Objectives & Introduction
The objective of this project was to create a tracking camera mount that kept a target within the center of the camera's view at all times. To accomplish this a custom frame was created to house a stepper motor system and an OpenCV based tracking solution. The project has a custom frame that was modeled in a CAD software called Fusion360 and printed using a 3D printer. The stepper motor system consists of two motors for yaw and pitch rotation. The OpenCV tracking software was run on a Raspberry Pi 3 that used the Raspberry Pi camera as an input to the software.
Team Members & Responsibilities
There were four team members in this project and two teams of two were created for each part of the project. One team was focused on creating an OpenCV based tracking solution. The other team was focused on creating a physical system for the tracking software to control. The breakdown of the teams is shown below.
OpenCV tracking solution
- Steven Hwu
- Jason Tran
Motor System and frame
- Andrew Herbst
- Vince Ly
Motor System
The objective of the motor system was to create a system that allowed yaw and pitch rotation. The system was designed to be place on a table or a tripod at chest level. The frame that held the system was designed to use the least amount of material and allow for unobstructed rotation on either axis. To accomplish this stepper motors will be placed horizontally and vertically. Stepper motors are ideal for an accurate system like this because of the simple control scheme. Also stepper motors are very accurate because they rotate in steps and can micro-step to decrease the jitter of motor movement. A Raspberry Pi 3 was the processing platform chosen. This platform runs linux and had the bare minimum performance to run an OpenCV tracking solution. To power the system a power circuit was created to power the motors and the Raspberry Pi. Ideally the system would include a battery but due to lack of time a power adapter supplied power to the system. This restricted the movement of rotation on the horizontal access.

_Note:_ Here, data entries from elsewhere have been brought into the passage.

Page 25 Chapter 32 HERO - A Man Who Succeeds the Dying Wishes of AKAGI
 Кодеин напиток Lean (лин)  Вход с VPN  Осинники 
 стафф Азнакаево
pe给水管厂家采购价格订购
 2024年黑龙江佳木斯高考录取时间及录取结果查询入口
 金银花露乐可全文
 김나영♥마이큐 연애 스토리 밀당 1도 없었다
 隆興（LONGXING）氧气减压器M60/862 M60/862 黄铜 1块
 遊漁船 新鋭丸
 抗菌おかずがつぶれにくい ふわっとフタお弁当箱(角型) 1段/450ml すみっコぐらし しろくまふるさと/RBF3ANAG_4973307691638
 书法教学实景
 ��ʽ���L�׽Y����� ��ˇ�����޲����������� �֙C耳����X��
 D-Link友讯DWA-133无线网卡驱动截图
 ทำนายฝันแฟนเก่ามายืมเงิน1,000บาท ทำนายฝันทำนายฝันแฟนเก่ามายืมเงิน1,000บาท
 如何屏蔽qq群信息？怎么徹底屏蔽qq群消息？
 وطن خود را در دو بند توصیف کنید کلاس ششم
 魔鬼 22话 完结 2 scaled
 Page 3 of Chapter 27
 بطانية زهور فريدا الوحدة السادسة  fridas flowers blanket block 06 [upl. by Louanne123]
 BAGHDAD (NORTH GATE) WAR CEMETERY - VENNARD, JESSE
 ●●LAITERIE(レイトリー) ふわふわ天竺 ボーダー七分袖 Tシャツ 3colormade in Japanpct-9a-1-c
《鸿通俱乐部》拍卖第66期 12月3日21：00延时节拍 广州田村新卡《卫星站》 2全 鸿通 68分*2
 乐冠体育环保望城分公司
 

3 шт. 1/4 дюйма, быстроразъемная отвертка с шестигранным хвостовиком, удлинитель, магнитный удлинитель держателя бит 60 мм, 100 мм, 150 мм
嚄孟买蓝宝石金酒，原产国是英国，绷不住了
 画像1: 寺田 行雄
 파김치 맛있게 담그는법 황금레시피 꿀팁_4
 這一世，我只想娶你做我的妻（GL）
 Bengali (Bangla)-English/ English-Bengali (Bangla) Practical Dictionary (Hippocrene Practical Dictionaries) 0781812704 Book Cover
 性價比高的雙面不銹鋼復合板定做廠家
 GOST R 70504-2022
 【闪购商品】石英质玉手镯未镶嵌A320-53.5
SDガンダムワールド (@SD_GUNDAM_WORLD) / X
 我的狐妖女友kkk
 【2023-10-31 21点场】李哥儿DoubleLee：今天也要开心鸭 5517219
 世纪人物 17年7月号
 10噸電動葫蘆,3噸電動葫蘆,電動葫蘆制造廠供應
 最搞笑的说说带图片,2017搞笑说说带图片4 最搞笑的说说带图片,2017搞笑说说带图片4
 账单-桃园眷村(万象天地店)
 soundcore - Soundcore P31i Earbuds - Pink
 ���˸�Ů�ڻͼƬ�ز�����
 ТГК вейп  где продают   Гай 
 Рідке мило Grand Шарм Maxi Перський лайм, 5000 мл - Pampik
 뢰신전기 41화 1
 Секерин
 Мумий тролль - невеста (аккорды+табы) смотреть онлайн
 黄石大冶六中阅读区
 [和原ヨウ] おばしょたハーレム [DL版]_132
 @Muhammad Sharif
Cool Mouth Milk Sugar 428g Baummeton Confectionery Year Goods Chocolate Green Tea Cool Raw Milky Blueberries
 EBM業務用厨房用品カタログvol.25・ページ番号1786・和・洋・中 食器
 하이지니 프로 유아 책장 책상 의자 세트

The bare minimum requirements for the motor system is summarized below.
Specifications
- Allow for yaw and pitch rotation
- Small footprint of the entire system frame
- A compute platform capable of running OpenCV tracking code
- Power circuit to power two stepper motors/compute platform
Tracking system
ADD SUMMARY PARAGRAPH/MINIMUM REQUIREMENTS SUMMARY HERE
Schedule
Show a simple table or figures that show your scheduled as planned before you started working on the project. Then in another table column, write down the actual schedule so that readers can see the planned vs. actual goals. The point of the schedule is for readers to assess how to pace themselves if they are doing a similar project.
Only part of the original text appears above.